Impact of CSF1-Fc treatment on circulating hematopoietic cells in neonatal rats.

In mice and humans, there is a postnatal surge in serum CSF1 (40, 41). We considered the possibility that CSF1 levels in all rat pups might already be saturating and/or that CSF1-Fc was not active in neonatal rats. Treatment of adult mice or weaner pigs with pCSF1-Fc greatly increased the number of circulating monocytes (14, 46), but we had not previously examined this in neonates. The blood monocyte numbers were marginally affected by the treatment (Fig. 2). Changes in total blood leukocytes, lymphocytes, and neutrophils were also marginal (Fig. 2). However, CSF1-Fc was clearly active.

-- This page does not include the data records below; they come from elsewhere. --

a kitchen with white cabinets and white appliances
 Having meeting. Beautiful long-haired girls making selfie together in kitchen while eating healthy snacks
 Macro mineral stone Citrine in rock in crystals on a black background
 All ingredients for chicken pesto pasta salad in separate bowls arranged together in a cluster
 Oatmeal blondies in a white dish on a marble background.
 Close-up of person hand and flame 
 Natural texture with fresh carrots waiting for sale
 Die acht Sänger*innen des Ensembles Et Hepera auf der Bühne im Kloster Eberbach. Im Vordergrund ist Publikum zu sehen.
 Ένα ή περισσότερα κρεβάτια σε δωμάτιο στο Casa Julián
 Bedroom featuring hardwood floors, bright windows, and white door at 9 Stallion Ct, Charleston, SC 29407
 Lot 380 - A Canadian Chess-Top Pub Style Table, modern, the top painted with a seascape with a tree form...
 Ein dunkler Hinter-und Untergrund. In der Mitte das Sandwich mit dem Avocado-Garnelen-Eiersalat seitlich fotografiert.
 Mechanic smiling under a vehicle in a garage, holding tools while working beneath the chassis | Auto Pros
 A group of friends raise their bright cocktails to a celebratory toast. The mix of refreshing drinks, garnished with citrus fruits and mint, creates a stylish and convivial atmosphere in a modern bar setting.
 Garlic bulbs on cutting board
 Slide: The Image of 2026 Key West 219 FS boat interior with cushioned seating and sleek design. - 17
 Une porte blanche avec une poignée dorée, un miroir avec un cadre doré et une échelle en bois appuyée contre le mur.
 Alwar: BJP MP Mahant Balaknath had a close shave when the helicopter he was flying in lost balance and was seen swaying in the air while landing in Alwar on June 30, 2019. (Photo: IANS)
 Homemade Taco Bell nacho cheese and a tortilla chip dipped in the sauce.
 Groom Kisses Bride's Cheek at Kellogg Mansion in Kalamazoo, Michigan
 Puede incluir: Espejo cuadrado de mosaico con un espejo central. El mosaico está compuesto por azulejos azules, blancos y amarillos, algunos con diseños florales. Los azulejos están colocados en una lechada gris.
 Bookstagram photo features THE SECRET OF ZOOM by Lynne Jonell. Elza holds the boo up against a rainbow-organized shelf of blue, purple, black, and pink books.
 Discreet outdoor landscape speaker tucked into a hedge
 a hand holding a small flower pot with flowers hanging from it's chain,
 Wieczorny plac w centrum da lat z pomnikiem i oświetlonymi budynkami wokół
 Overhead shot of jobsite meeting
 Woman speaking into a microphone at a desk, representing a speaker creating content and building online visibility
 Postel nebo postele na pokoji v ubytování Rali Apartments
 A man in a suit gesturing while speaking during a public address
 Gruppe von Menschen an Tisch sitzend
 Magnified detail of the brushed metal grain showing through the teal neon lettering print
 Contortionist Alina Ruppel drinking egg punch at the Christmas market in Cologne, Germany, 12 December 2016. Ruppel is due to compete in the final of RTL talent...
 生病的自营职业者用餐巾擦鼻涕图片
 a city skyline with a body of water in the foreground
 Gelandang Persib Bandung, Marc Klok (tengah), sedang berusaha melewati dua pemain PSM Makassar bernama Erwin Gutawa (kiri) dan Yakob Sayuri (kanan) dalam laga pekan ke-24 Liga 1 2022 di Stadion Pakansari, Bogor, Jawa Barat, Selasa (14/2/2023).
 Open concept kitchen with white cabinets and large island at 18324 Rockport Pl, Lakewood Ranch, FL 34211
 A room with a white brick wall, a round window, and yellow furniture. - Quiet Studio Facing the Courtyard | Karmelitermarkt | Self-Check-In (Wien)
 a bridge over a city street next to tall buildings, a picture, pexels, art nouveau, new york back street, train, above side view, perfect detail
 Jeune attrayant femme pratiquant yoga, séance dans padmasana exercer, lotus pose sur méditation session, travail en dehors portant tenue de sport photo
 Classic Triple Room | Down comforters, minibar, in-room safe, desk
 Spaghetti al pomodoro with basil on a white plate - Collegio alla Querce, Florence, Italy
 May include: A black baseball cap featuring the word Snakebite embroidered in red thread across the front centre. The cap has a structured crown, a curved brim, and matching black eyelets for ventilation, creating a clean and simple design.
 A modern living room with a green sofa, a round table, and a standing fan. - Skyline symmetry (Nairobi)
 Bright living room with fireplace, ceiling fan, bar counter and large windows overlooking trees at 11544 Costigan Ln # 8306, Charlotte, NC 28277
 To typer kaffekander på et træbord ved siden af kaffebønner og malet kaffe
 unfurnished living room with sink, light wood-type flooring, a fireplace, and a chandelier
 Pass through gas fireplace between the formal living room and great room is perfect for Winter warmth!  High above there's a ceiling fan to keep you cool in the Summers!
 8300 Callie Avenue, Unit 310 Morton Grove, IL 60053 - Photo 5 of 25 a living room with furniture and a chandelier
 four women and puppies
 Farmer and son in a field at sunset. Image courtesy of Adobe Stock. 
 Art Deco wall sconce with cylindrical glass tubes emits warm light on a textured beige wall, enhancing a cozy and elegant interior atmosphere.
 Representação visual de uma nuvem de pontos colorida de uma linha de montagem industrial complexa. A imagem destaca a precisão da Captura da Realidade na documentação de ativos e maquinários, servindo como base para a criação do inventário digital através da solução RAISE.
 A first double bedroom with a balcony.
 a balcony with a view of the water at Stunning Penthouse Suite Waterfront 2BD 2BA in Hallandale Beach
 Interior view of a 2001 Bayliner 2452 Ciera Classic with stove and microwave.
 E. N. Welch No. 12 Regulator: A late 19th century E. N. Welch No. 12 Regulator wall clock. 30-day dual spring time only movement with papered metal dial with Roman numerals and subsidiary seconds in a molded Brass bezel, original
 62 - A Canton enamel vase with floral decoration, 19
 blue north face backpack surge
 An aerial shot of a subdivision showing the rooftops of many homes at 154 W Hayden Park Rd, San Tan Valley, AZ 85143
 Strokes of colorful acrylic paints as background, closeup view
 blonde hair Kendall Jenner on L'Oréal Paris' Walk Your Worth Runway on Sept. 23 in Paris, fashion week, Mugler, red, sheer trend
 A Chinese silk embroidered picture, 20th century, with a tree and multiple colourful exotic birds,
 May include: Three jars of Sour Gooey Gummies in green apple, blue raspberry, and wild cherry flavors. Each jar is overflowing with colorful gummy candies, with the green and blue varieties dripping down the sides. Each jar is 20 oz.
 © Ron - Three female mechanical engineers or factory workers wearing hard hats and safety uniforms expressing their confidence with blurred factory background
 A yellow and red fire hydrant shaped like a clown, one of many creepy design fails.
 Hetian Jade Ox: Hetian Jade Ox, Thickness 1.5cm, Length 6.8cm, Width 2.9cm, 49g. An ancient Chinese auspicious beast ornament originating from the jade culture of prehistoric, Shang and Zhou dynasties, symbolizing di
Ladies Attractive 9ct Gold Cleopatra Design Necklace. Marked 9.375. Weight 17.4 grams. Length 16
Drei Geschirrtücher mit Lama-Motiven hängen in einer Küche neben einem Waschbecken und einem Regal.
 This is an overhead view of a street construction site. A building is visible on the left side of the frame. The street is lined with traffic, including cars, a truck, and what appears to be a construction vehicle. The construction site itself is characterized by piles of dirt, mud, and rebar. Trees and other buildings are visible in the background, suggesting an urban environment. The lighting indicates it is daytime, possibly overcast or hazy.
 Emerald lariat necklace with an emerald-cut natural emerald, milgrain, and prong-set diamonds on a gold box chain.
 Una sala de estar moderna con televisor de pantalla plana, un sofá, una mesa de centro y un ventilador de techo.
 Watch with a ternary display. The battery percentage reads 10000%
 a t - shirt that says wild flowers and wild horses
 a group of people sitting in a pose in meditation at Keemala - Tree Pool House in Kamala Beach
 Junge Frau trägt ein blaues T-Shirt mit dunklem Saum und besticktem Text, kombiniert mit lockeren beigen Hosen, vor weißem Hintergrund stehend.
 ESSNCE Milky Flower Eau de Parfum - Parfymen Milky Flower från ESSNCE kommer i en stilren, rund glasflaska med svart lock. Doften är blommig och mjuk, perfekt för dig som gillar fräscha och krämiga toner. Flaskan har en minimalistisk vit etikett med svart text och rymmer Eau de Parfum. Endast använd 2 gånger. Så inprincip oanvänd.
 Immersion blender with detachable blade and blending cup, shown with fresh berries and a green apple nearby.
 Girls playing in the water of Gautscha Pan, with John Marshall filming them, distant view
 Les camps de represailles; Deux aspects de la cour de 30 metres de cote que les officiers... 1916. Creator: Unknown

In initial studies of infusion of CSF1 in human patients, the dose-limiting toxicity was thrombocytopenia (23), and we also observed reduced platelet numbers in mice and pigs treated with CSF1-Fc. In the CSF1-Fc-treated neonatal rats there was a 70% reduced platelet count and a 20–30% reduction in red blood cells in all groups (Fig. 2).

Fig. 2.

Effect of CSF1-Fc treatment on the blood of neonatal rats. Rats were injected with PBS or DEX on days 14–21 of pregnancy. Control dams were not injected. Offspring were treated with PBS or 1 µg/g porcine CSF1-Fc on days 0–5. EDTA-blood was obtained from rats at day 6; n = 4–5 (control), 8 (PBS), and 11–15 (DEX). Results were analyzed with a Mann-Whitney test. P values are indicated on the box and whisker plots.

CSF1-Fc causes hepatosplenomegaly in neonatal rats.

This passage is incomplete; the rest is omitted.